3. Validate and sanitize query parameters to prevent injection

Ensure incoming query filters cannot override security constraints by normalizing them before they reach Mongodb.

app.service('items').hooks({
  before: {
    find: [context => {
      const baseQuery = { deleted: { $ne: true } };
      // If the client provides a query, merge safely without allowing $where or $eval
      const clientQuery = context.params.query || {};
      // Remove potentially dangerous operators
      const unsafeOps = ['$where', '$eval', '$script'];
      unsafeOps.forEach(op => { delete clientQuery[op]; });
      context.params.query = { $and: [baseQuery, clientQuery] };
      return context;
    }]
  }
});

4. Use projection to limit returned fields

Explicitly define which fields are allowed for each operation to reduce exposure.

app.service('secrets').hooks({
  before: {
    find: [context => {
      // Only return permitted fields for non-admin users
      if (!context.params.user.roles.includes('admin')) {
        context.params.query = context.params.query || {};
        context.params.fields = { name: 1, email: 1, _id: 1 };
      }
      return context;
    }]
  }
});

5. Centralize authorization logic

For complex policies, implement a reusable authorization function that validates access against Mongodb metadata before proceeding.

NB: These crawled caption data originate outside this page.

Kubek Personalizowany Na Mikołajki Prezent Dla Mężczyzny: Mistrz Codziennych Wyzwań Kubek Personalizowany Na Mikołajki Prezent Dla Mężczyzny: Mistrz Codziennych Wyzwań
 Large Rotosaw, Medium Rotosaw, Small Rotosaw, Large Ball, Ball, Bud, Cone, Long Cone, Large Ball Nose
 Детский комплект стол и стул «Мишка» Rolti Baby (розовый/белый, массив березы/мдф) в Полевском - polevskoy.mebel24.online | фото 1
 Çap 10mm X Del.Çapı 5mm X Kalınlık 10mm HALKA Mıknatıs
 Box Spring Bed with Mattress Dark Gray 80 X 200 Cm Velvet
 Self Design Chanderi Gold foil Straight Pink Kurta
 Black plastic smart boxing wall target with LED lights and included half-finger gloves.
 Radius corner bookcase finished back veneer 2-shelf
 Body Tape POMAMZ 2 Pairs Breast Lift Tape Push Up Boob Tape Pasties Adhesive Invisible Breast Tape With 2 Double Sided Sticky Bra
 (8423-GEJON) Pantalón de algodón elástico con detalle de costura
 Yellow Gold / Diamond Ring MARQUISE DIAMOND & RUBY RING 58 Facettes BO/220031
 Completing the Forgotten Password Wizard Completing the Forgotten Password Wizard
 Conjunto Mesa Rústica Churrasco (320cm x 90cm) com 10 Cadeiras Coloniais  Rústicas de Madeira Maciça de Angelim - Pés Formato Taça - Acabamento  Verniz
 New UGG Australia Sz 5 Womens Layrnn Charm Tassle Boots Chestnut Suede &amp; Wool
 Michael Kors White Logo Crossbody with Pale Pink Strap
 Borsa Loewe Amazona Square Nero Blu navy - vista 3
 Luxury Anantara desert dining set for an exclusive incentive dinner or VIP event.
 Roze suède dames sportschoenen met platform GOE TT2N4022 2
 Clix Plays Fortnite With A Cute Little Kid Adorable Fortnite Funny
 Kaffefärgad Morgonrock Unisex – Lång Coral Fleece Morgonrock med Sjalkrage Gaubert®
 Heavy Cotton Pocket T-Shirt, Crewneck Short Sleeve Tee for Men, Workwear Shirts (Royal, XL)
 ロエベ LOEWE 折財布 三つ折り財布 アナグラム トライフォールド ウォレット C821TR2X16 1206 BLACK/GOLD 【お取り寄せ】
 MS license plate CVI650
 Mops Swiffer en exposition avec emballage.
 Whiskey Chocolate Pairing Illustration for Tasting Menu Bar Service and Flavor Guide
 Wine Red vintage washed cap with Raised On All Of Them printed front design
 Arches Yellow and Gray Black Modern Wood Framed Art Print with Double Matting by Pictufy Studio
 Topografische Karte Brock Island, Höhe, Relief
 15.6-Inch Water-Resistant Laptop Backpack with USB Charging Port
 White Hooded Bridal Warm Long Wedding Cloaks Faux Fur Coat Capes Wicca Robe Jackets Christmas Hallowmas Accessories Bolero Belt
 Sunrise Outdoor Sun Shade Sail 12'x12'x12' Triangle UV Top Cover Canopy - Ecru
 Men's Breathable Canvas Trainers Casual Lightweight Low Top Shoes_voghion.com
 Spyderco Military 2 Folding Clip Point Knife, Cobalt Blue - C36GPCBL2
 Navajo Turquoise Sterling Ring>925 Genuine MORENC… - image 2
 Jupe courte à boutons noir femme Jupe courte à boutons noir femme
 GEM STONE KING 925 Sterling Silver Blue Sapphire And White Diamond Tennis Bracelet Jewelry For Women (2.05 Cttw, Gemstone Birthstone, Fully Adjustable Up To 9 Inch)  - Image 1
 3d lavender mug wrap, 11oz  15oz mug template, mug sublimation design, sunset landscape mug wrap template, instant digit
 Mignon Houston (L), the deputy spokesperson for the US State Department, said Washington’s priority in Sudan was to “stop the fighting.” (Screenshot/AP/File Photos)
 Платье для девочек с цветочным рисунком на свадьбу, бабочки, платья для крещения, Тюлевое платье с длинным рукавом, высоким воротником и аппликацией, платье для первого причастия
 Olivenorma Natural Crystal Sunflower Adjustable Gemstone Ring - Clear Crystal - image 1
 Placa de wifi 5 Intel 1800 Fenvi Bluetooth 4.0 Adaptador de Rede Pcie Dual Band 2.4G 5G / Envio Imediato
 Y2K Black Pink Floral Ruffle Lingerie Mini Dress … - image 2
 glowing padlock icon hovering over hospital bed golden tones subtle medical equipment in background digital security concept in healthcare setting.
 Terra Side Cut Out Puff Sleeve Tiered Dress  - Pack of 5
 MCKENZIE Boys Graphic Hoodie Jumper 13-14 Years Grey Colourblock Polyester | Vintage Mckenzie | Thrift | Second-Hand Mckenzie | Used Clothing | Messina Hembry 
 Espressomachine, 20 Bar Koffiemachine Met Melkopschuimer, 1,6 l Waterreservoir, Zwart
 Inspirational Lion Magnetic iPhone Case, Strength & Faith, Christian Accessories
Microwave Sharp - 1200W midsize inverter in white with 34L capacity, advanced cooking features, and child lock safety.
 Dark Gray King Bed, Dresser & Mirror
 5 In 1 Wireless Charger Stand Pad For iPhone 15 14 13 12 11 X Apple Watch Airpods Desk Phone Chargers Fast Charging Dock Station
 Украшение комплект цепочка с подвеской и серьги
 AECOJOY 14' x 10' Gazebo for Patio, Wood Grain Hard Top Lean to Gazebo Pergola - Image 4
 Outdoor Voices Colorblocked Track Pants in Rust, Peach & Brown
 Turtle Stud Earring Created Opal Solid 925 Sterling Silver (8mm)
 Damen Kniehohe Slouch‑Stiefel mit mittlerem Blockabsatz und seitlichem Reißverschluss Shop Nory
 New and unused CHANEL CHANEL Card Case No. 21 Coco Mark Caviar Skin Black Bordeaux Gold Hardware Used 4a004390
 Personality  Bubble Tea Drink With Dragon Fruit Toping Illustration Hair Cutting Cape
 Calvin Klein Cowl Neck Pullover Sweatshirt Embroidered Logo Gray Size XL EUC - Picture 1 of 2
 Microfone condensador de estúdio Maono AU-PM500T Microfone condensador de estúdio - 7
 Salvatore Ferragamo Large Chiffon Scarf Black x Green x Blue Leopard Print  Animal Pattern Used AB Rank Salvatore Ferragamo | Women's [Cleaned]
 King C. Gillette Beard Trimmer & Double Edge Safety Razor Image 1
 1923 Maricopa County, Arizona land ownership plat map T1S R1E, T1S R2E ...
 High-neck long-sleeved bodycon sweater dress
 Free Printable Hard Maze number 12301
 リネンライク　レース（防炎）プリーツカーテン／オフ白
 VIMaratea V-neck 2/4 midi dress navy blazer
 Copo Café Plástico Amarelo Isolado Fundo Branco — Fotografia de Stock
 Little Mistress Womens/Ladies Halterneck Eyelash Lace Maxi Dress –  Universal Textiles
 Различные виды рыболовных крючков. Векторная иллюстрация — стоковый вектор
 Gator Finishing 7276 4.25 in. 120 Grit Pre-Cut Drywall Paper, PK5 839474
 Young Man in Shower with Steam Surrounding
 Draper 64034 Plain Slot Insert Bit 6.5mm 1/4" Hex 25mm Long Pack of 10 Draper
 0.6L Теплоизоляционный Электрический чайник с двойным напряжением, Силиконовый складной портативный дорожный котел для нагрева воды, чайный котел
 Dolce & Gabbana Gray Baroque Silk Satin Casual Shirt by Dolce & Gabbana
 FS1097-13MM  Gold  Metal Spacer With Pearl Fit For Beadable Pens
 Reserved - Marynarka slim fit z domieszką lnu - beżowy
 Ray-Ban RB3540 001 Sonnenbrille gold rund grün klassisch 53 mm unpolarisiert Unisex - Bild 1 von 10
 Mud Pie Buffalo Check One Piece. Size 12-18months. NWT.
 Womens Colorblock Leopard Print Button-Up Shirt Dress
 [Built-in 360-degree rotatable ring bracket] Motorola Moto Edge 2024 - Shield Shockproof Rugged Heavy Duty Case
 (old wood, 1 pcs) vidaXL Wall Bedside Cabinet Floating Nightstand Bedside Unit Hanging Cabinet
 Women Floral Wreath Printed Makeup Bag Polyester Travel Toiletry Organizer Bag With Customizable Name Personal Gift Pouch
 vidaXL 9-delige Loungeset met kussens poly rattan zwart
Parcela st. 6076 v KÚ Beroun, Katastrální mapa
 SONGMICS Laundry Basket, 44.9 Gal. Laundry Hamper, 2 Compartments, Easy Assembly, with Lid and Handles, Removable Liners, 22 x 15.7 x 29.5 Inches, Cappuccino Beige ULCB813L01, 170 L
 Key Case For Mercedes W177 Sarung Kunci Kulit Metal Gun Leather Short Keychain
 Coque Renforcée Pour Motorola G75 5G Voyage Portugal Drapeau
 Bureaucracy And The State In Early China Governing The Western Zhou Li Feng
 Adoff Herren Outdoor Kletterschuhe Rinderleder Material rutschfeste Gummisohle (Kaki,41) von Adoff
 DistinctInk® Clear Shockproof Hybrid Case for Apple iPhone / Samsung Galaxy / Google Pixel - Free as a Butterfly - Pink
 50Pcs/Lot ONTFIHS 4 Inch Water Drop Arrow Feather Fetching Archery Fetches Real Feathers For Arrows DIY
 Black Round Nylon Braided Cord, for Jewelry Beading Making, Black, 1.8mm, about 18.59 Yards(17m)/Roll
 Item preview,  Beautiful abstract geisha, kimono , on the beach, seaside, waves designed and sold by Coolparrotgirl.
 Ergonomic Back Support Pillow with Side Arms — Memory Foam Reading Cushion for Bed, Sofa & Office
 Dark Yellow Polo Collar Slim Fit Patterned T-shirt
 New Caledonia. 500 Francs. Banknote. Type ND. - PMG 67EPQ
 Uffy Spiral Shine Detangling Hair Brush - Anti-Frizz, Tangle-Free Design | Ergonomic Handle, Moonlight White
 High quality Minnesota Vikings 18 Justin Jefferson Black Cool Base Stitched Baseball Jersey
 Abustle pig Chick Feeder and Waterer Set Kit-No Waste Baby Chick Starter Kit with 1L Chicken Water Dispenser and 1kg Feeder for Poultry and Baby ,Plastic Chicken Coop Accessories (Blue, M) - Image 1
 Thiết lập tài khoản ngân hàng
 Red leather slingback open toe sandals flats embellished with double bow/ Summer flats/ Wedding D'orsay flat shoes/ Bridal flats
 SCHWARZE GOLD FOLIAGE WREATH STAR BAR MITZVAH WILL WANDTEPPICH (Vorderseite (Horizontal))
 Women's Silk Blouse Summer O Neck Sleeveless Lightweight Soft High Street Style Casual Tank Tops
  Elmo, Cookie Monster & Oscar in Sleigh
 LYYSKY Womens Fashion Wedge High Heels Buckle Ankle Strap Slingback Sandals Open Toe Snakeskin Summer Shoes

const canAccessDocument = (user, document) => {
  // Example: user must own the document or belong to the document's org
  return document.userId === user.id || user.orgIds.includes(document.orgId);
};

app.service('records').hooks({
  before: {
    get: [async context => {
      const record = await app.service('records').Model.findById(context.id);
      if (!canAccessContext(params.user, record)) {
        throw new Error('Forbidden');
      }
      context.params.record = record;
      return context;
    }]
  }
});

Frequently Asked Questions

How does broken access control manifest differently in Feathersjs services compared to raw Mongodb queries?
In Feathersjs, broken access control often appears as missing or inconsistent authorization hooks, allowing attackers to invoke CRUD methods without proper ownership checks. With Mongodb as the backend, this can lead to unbounded queries or updates if the service does not constrain filters by userId or role. Raw Mongodb access would require direct injection into the database, but through Feathersjs, attackers exploit service endpoints that inadvertently trust client-supplied parameters, making the framework a convenient vector for IDOR and privilege escalation.
Can middleware or hooks alone fully prevent broken access control in Feathersjs with Mongodb?
Middleware and hooks significantly reduce risk but must be consistently applied to all service methods and combined with query validation. You should enforce ownership within each hook, avoid relying on client-provided filters for sensitive fields, and use projection to limit exposed data. Regular scanning with tools that check for missing authorization and improper query constraints helps ensure hooks remain effective across service updates.